=== Begin Enclosure ===
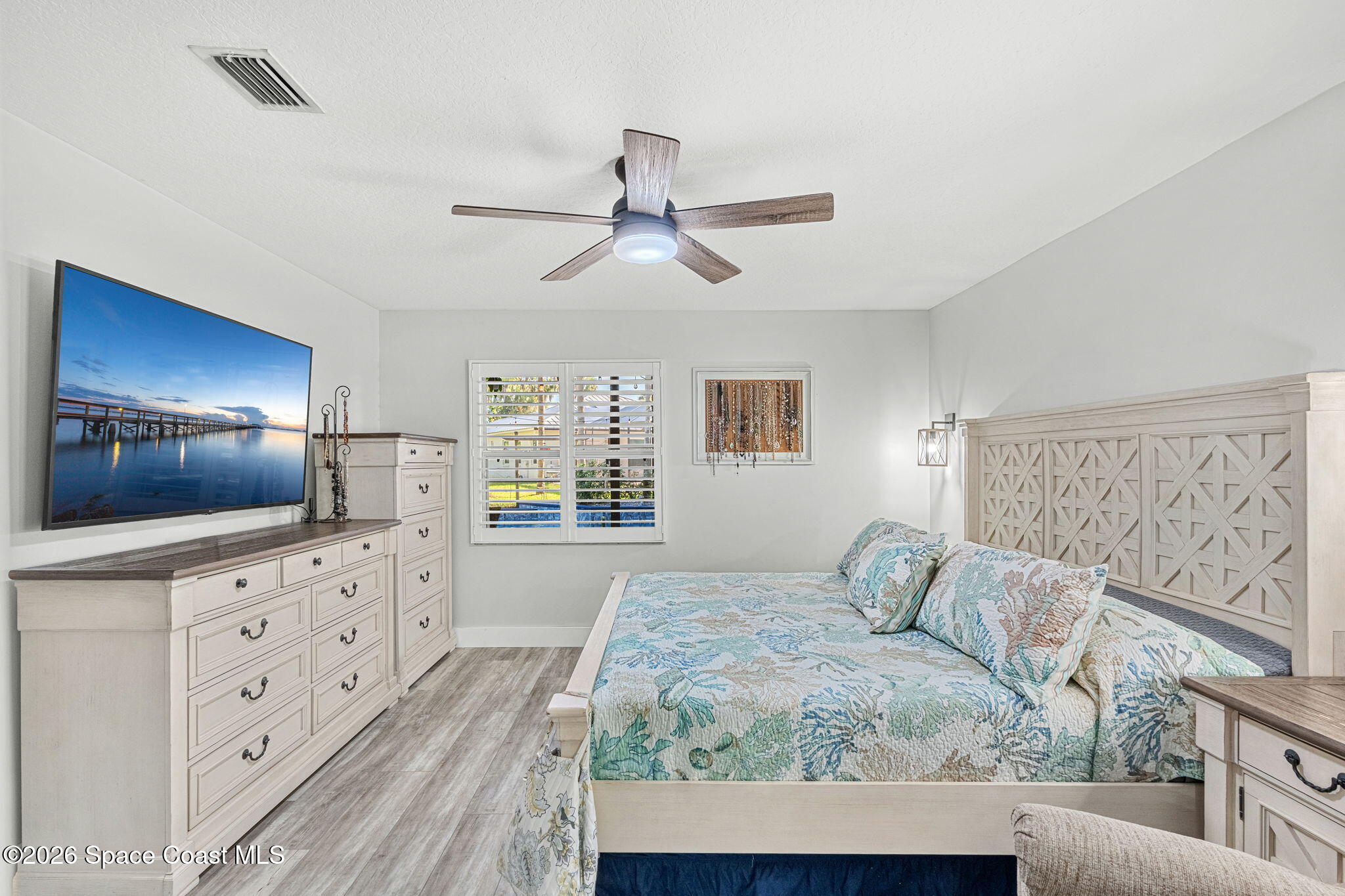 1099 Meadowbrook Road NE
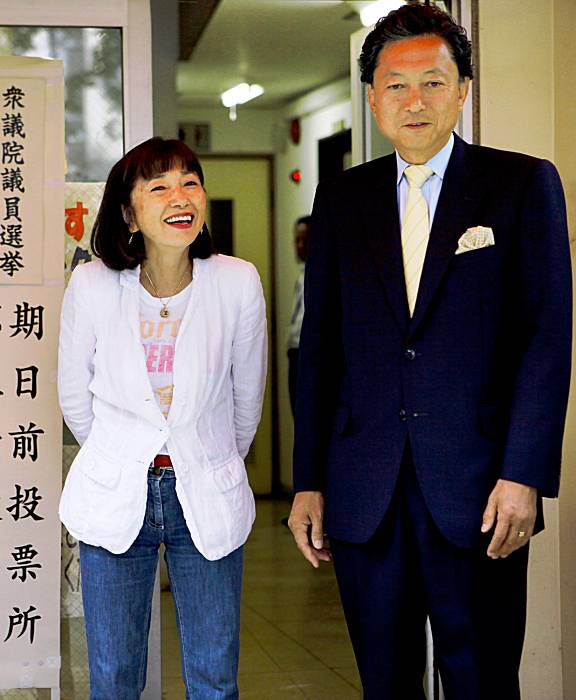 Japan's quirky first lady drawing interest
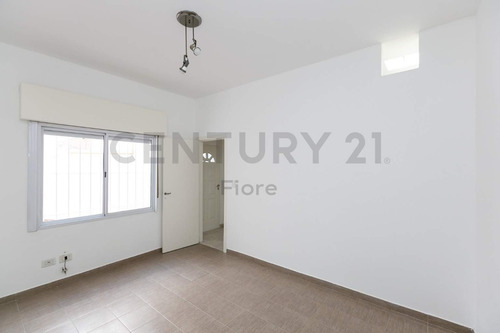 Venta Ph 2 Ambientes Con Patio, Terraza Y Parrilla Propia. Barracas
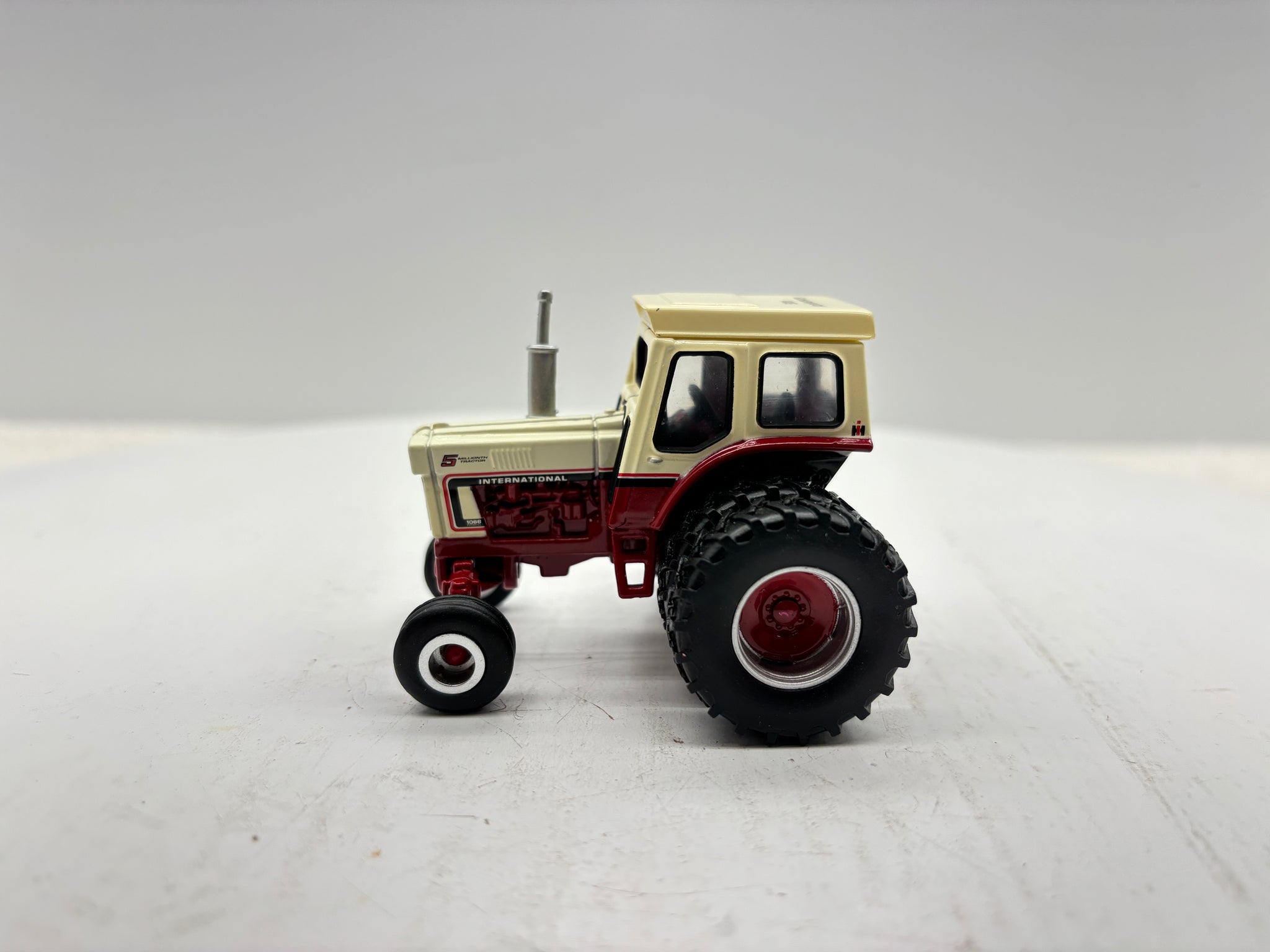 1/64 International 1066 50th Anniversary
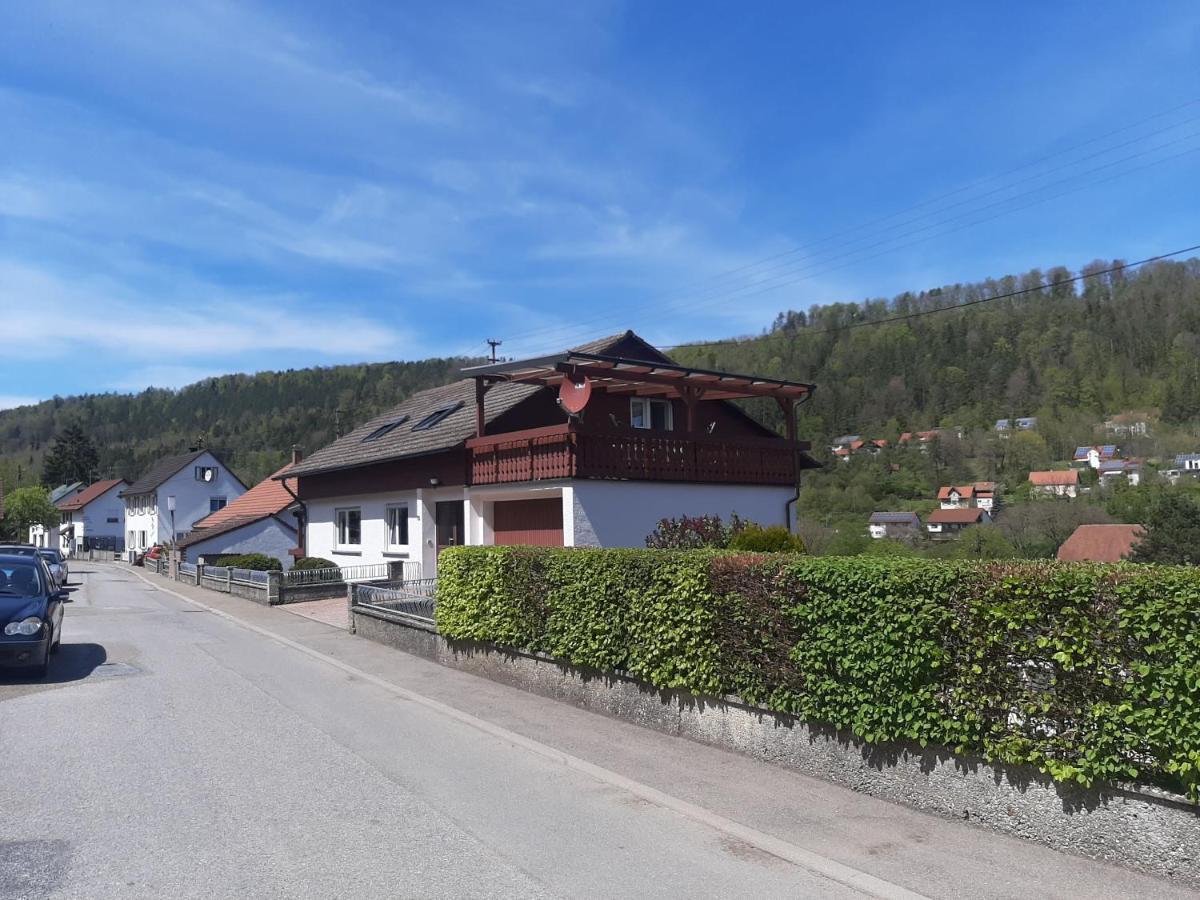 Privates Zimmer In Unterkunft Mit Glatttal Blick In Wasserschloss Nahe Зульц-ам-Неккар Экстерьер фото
=== End Enclosure ===
Needed here is only the span from the line with "Japan's quirky first lady drawing interest" through the last line of the entries, copied exactly with both ends and without pictures.

 Japan's quirky first lady drawing interest
 Venta Ph 2 Ambientes Con Patio, Terraza Y Parrilla Propia. Barracas
 1/64 International 1066 50th Anniversary
 Privates Zimmer In Unterkunft Mit Glatttal Blick In Wasserschloss Nahe Зульц-ам-Неккар Экстерьер фото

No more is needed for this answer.